This is the post I post days before, and I loss the account and registered another one
I am trying to modify the imageDenosing class in CUDA SDK, I need to repeat the filter many time incase to capture the time. But my code doesn't work properly.
//start
__global__ void F1D(TColor *image,int imageW,int imageH, TColor *buffer)
{
const int ix = blockDim.x * blockIdx.x + threadIdx.x;
const int iy = blockDim.y * blockIdx.y + threadIdx.y;
if(iy != 0 && iy < imageH-1 && ix < imageW)
{
float4 fresult = get_color(image[imageW * iy + ix]);
float4 fresult4 = get_color(image[imageW * (iy+1) + ix]);
float4 fresult5 = get_color(image[imageW * (iy-1) + ix]);
float4 fresult7;
fresult7.x = fresult.x*0.5+fresult4.x*.25+fresult5.x*.25;
fresult7.y = fresult.y*0.5+fresult4.y*.25+fresult5.y*.25;
fresult7.z = fresult.z*0.5+fresult4.z*.25+fresult5.z*.25;
buffer[imageW * iy + ix] =
make_color(fresult7.x,fresult7.y,fresult7.z,0);
}
image[imageW * iy + ix] = buffer[imageW * iy + ix];
//should be use cudaMemcpy, But it fails
}
//extern
extern "C" void
cuda_F1D(TColor *dst, int imageW, int imageH)
{
dim3 threads(BLOCKDIM_X, BLOCKDIM_Y);
dim3 grid(iDivUp(imageW, BLOCKDIM_X), iDivUp(imageH, BLOCKDIM_Y));
Copy<<<grid, threads>>>(dst, imageW, imageH);
size_t size = imageW*imageH*sizeof(TColor);
TColor *host =(TColor*) malloc(size);
TColor *dst2;
//TColor *dst3;
//TColor *d = new TColor(imageW*imageH*sizeof(TColor));
dim3 threads2(imageW,1);
dim3 grid2(iDivUp(imageW, imageW), iDivUp(imageH, 1));
for(int i = 0;i<1;i++)
{
cudaMalloc( (void **)&dst2, size);
cudaMemcpy(dst2, dst, imageW*imageH*sizeof(TColor),cudaMemcpyHostToDevice);
F1D<<<grid2, threads2>>>(dst, imageW, imageH,dst2);
cudaFree(dst2);
}
}
This code works, but cant synchronise the array of image. and lead to many synchronise problem.
Here is my task question
Lab Class Description:
In this assignment, you will have to implement a small CUDA program for image processing. You may want to re-use the Image denoising visual studio project available with the CUDA SDK.
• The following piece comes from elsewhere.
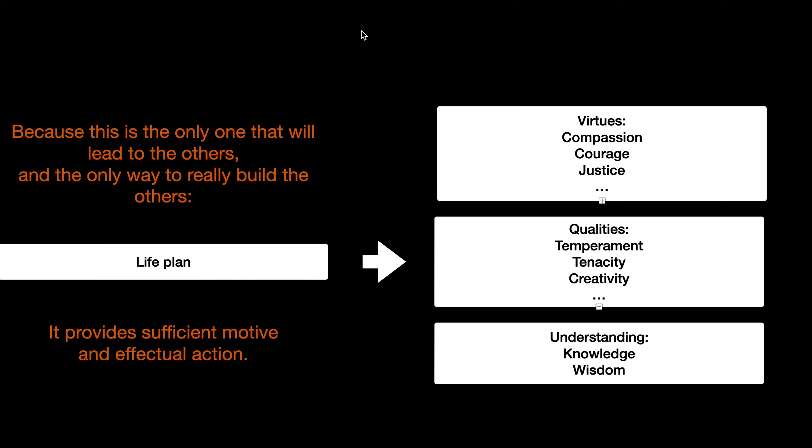You don't even know what they are, let alone whether they're worth doing or not. That process is the life plan. That's how you break it down to your daily choices. If you can't break something down to your daily choices, you are never going to get it. It's as simple as that.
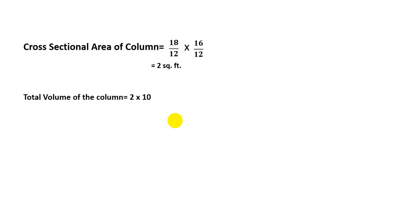Now I'll find out its volume. The total volume of the column will be 2 into 10—as 2 is the cross-sectional area of that column and total height is 10 feet—so we'll find that 20 CFT total volume.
Question 1 Write a CUDA kernel that applies the following 1D filtering kernel to the image [0.25 0.5 0.25] (Similar to the previous CW). Measure how much time it takes using a CUDA timer. For that, you may want to repeat the filtering n times so that your measurement is accurate enough.
Thus I finished the filtering kernel part and time measure. But the looping N times fails. The result blurs out and when i becomes larger the image black out.